Data in this exercise -
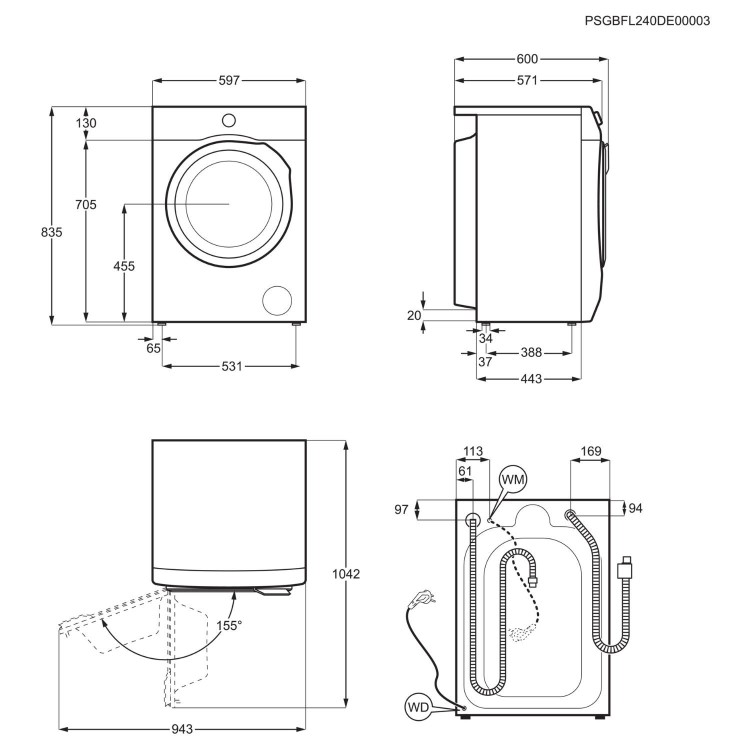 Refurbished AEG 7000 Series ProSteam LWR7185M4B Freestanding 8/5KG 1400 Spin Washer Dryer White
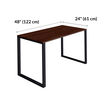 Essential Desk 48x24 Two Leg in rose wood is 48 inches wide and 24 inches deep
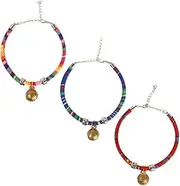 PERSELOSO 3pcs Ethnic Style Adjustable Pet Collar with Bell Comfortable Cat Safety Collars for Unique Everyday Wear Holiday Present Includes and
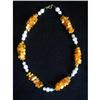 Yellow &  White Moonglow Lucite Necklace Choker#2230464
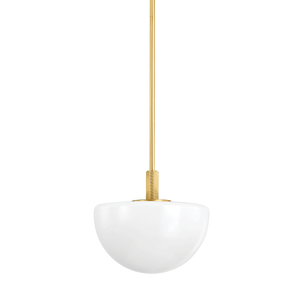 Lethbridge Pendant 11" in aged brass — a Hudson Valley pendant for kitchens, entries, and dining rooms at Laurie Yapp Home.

...

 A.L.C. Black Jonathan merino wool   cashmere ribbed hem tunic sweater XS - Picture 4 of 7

Exercise directions -
Leaving every picture aside, reproduce exactly the lines above from the one with "Refurbished AEG 7000" up to and including the one with "Laurie Yapp Home.", and no others.

Reply to the task -
 Refurbished AEG 7000 Series ProSteam LWR7185M4B Freestanding 8/5KG 1400 Spin Washer Dryer White
 Essential Desk 48x24 Two Leg in rose wood is 48 inches wide and 24 inches deep
 PERSELOSO 3pcs Ethnic Style Adjustable Pet Collar with Bell Comfortable Cat Safety Collars for Unique Everyday Wear Holiday Present Includes and
 Yellow &  White Moonglow Lucite Necklace Choker#2230464
 Lethbridge Pendant 11" in aged brass — a Hudson Valley pendant for kitchens, entries, and dining rooms at Laurie Yapp Home.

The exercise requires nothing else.